Segment Start: DATA SECTION

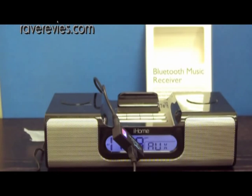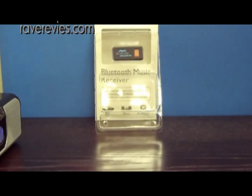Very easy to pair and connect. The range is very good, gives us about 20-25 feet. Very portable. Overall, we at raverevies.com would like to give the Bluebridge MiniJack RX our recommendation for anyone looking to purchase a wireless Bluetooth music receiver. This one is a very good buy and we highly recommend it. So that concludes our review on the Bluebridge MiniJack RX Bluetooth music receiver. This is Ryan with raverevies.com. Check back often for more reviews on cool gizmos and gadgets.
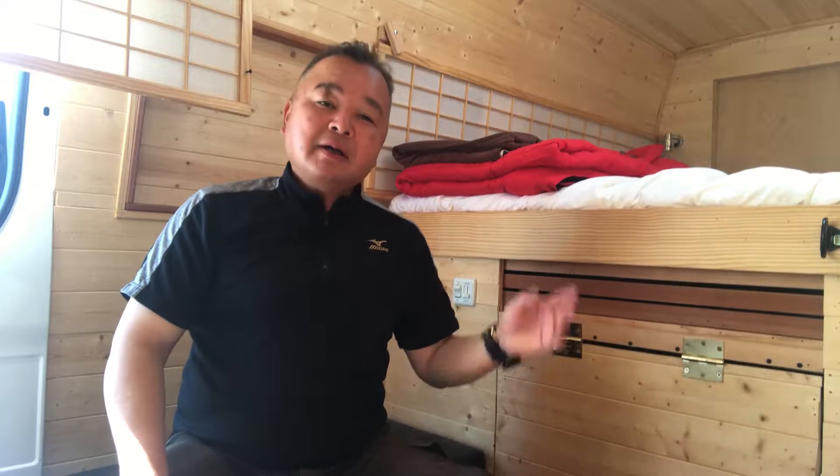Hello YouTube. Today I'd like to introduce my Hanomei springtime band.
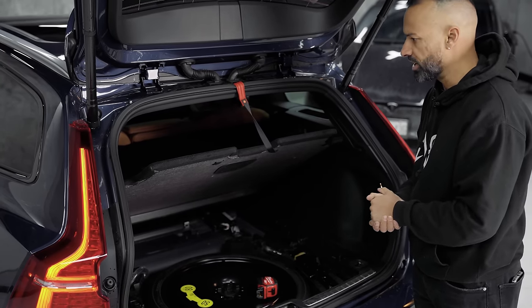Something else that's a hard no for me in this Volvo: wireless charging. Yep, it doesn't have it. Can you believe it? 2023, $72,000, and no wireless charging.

Segment End: DATA SECTION

## PROBLEM REQUIREMENTS
For this exercise, write the listing out again exactly, excluding all images.

## EXPECTED ANSWER
Very easy to pair and connect. The range is very good, gives us about 20-25 feet. Very portable. Overall, we at raverevies.com would like to give the Bluebridge MiniJack RX our recommendation for anyone looking to purchase a wireless Bluetooth music receiver. This one is a very good buy and we highly recommend it. So that concludes our review on the Bluebridge MiniJack RX Bluetooth music receiver. This is Ryan with raverevies.com. Check back often for more reviews on cool gizmos and gadgets.
Hello YouTube. Today I'd like to introduce my Hanomei springtime band.
Something else that's a hard no for me in this Volvo: wireless charging. Yep, it doesn't have it. Can you believe it? 2023, $72,000, and no wireless charging.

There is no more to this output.